The View from Mary's Farm for August 2006
January 1, 1970
Making HayOn the wall inside the barn hangs an old scythe. It belonged to my husband, who knew how to sharpen the blade and how to wield the serpentine tool to cut grass neatly and sharply. He was not an old man but rather a young man who appreciated the ways of the old. The scythe handle is itself of wondrous design, contrived to pass straight along the curving contours of the land, to have mercy on the grass as well as the man who cradled it, an ancient dance between earth and man.
Haying quickens the pace and brightens awareness, as we watch the sky and smell the air for the sudden change of a summer’s afternoon. I try to imagine the fields here, all cut by hand. I know that the men came out in teams and cut together. I’ve heard the sound was like a great singing whisper.
Many years ago, I helped hay fields in the windy and cool climate of Iceland. The grass was not cut with a scythe but rather with sickle bar attached to the side of a small, squat Russian-made tractor. The cutter laid the grass in rows to dry in the cool Arctic sun. What Icelandic farmers do not have in intensity, they make up for in hours – the summer sun never sets so there’s more time for drying. When the hay was ready, we children of the farm were sent out to rake it into windrows. Later, when these rows had dried, we began the harder task of collecting the hay, using rake and pitchfork. We used the fork to stab the grass, bunching it tighter and tighter onto the sharp tines until we had tight bundles at the end of our forks. We’d heft these handmade bales onto a wagon until the overflowing load was pulled back to the barn where we would unload it, one bundle at a time, into the high loft, a precious harvest for the very long winter to come.
Hay is still made on this farm, though I don’t participate. Each year, it seems, the process becomes quicker, more synchronized, more efficient. Jay, a farmer who is also my neighbor, takes the hay from my fields as well as from the fields that adjoin.

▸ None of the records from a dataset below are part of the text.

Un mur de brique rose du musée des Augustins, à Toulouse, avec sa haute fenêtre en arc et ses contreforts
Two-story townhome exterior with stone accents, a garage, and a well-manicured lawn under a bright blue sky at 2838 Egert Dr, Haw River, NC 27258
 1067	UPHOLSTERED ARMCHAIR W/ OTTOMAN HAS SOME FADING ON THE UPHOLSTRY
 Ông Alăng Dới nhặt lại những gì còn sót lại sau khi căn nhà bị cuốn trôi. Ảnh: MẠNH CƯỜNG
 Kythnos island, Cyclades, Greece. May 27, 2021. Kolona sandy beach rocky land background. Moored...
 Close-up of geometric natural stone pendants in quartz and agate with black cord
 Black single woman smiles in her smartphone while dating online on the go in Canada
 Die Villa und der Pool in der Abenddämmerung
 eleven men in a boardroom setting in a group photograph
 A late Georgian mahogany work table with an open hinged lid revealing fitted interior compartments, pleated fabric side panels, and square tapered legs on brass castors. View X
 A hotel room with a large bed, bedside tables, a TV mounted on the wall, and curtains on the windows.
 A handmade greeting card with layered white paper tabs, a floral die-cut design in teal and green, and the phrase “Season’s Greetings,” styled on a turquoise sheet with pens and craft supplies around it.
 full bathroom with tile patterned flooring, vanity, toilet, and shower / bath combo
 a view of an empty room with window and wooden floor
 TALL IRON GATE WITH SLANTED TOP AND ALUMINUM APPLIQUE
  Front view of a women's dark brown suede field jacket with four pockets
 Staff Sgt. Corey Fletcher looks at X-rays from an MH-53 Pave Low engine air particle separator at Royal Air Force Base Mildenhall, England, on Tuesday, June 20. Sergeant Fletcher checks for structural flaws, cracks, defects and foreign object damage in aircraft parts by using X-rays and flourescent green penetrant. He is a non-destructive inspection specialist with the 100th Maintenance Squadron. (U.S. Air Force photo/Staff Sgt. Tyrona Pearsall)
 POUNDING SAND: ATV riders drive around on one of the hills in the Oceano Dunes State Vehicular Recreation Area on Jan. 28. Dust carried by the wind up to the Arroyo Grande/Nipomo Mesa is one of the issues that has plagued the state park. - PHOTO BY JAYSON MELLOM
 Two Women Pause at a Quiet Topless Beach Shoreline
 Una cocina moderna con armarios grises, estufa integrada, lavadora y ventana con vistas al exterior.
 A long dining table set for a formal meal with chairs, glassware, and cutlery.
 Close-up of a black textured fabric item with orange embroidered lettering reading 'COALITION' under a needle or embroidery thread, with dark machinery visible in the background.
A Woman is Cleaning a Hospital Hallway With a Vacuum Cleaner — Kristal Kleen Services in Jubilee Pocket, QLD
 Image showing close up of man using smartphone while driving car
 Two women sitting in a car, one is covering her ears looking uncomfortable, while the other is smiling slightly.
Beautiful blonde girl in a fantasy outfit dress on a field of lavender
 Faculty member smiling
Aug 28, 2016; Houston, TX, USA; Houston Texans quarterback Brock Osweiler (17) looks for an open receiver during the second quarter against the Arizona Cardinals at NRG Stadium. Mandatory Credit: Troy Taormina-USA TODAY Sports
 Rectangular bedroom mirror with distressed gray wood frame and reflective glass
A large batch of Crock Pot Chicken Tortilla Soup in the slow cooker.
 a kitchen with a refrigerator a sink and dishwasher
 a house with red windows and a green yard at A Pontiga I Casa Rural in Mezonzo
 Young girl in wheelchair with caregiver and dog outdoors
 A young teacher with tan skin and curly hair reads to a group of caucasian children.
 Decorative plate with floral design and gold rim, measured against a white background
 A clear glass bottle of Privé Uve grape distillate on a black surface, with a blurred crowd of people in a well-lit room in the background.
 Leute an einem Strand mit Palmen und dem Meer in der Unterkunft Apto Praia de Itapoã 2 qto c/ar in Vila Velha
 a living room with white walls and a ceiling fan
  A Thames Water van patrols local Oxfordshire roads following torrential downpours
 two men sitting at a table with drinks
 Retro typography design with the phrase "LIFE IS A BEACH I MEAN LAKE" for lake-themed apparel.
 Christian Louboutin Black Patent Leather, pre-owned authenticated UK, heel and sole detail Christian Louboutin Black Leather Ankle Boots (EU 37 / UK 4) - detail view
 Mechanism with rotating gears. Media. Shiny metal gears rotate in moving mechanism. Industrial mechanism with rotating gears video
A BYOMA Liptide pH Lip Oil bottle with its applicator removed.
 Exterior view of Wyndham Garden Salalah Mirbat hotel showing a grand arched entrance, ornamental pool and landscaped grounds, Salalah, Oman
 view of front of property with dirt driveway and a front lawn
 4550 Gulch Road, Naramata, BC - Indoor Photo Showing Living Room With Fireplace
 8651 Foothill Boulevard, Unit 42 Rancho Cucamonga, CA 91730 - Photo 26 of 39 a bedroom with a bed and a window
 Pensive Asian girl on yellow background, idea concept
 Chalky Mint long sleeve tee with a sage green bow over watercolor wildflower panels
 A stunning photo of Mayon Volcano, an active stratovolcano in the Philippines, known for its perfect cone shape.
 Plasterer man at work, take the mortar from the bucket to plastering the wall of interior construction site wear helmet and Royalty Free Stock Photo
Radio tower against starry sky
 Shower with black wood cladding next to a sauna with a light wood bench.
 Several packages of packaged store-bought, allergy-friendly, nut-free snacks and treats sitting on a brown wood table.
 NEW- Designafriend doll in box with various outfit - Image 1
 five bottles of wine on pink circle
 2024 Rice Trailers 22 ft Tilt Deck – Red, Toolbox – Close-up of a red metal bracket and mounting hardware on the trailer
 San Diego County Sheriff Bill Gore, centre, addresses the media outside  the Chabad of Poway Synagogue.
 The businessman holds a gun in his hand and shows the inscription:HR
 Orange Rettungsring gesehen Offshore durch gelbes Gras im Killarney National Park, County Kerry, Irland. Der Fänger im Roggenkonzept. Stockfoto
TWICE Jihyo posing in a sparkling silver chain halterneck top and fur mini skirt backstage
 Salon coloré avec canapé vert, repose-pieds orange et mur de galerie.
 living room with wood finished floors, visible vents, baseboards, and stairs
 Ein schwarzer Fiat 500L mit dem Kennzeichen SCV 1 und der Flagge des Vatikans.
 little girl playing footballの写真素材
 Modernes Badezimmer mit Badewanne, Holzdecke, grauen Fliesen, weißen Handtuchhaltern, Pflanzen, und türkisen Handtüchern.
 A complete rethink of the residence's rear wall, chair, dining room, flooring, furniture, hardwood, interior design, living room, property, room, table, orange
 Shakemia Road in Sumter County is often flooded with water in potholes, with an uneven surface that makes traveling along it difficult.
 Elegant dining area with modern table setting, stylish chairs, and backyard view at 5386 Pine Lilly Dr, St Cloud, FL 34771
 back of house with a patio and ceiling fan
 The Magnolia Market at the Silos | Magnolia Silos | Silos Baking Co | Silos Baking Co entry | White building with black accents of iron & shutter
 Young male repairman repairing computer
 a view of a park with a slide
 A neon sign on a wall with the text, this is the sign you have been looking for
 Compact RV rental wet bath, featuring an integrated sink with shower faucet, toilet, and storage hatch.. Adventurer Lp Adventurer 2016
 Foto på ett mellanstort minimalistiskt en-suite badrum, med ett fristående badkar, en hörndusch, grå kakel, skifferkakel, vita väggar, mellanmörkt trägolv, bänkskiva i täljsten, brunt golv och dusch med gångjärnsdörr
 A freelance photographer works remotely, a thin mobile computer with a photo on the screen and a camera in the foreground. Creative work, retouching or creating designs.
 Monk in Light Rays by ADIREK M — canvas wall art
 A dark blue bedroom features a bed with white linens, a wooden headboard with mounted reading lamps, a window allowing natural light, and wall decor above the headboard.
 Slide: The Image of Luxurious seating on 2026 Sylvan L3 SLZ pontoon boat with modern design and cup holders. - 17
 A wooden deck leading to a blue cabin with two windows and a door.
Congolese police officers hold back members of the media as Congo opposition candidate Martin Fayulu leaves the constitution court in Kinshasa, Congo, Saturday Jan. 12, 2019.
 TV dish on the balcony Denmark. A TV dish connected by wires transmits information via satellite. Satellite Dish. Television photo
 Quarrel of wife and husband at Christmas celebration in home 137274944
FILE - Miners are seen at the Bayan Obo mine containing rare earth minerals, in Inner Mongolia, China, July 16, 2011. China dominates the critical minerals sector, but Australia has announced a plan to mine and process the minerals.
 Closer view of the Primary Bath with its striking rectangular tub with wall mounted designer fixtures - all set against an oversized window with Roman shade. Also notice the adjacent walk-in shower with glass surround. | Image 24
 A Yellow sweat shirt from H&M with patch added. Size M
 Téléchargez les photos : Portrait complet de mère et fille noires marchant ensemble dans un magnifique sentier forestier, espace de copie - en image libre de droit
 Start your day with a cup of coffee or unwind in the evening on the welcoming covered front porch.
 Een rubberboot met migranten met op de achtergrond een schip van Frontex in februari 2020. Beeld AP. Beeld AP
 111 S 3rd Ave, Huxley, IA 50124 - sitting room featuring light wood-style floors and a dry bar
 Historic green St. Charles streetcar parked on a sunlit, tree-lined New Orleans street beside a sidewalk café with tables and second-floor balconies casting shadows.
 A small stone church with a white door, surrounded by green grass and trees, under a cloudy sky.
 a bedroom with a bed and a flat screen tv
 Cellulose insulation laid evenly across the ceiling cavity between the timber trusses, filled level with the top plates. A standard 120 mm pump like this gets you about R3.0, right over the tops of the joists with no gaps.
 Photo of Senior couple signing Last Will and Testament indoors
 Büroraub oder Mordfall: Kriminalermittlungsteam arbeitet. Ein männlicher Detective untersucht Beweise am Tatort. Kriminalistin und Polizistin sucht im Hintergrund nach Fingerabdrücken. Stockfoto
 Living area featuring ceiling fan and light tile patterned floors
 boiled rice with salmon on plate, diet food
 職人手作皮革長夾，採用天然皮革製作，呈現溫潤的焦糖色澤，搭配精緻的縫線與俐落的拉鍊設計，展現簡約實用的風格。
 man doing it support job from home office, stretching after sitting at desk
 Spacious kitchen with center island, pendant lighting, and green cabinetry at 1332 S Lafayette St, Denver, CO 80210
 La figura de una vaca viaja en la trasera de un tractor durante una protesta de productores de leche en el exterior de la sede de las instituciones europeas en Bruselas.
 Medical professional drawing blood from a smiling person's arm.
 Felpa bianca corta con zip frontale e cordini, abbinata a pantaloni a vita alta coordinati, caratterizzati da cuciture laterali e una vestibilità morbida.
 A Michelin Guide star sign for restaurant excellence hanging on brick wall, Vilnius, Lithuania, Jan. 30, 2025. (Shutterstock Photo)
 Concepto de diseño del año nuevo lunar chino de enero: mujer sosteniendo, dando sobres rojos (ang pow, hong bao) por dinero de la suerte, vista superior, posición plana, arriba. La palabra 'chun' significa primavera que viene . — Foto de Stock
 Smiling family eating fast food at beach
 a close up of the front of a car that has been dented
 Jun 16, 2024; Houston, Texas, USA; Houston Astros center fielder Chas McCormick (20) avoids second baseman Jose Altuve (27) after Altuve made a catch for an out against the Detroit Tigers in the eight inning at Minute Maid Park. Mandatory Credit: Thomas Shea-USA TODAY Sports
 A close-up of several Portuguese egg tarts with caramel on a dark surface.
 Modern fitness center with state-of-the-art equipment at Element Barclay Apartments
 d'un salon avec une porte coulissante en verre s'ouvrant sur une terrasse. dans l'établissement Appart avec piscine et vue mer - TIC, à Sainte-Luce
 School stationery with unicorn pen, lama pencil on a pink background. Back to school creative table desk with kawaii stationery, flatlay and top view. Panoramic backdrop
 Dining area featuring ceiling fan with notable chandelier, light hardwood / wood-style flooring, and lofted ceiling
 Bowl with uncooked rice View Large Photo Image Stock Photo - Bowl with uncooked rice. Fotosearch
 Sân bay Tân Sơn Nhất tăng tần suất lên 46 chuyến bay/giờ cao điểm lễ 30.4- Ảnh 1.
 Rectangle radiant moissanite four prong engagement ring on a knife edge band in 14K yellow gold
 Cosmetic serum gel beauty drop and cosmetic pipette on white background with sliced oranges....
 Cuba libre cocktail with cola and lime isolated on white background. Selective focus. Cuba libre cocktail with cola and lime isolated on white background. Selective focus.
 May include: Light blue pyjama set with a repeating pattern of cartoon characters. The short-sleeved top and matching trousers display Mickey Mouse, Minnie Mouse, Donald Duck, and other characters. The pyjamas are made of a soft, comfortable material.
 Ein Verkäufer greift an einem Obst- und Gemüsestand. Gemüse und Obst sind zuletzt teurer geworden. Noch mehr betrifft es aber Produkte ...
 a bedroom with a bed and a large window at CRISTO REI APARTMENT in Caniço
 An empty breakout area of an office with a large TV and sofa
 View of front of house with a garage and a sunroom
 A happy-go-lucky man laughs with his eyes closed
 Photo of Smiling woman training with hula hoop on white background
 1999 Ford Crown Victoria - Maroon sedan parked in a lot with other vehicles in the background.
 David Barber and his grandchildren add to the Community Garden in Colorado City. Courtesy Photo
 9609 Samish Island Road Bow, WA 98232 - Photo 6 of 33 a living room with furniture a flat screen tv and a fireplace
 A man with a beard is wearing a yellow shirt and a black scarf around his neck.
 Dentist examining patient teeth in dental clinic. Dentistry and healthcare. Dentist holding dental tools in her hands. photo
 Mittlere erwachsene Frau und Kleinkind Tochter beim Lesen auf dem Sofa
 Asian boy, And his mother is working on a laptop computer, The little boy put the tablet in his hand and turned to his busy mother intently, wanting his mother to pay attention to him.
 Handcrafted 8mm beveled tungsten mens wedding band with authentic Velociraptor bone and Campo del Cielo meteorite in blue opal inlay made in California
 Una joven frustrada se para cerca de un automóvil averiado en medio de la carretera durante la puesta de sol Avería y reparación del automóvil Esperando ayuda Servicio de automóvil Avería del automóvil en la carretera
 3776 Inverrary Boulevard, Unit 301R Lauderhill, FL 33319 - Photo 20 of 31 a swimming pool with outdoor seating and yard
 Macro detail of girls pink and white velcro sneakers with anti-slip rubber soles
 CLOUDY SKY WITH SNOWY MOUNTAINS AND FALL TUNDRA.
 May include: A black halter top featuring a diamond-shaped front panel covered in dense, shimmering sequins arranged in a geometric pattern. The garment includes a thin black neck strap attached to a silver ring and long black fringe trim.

He and his son-in-law come in on fast tractors and sometimes sweep the fields in a majestic John Deere duet, the two tractors cutting, tedding and raking in tandem. The baler has a kick on it so that as the bales are made, they pop out of the hopper and fly up in a high arc, landing neatly in the wagon behind. On a summer evening, this can make for mesmerizing viewing as the field becomes the stage on which these tractors and bales become the performers. The sound is more a great clatter than a whisper. At last, sun setting, engines straining, gears grinding, the tired farmers pull the harvest home, wagons piled high as a house. The scent of drying grass lingers in the air and comes in my open windows at night. Within days, the fields green up, the beginning of another crop. Making hay, however it is cut and baled, is an eternal harvest, if we can keep the fields and the farmers that long.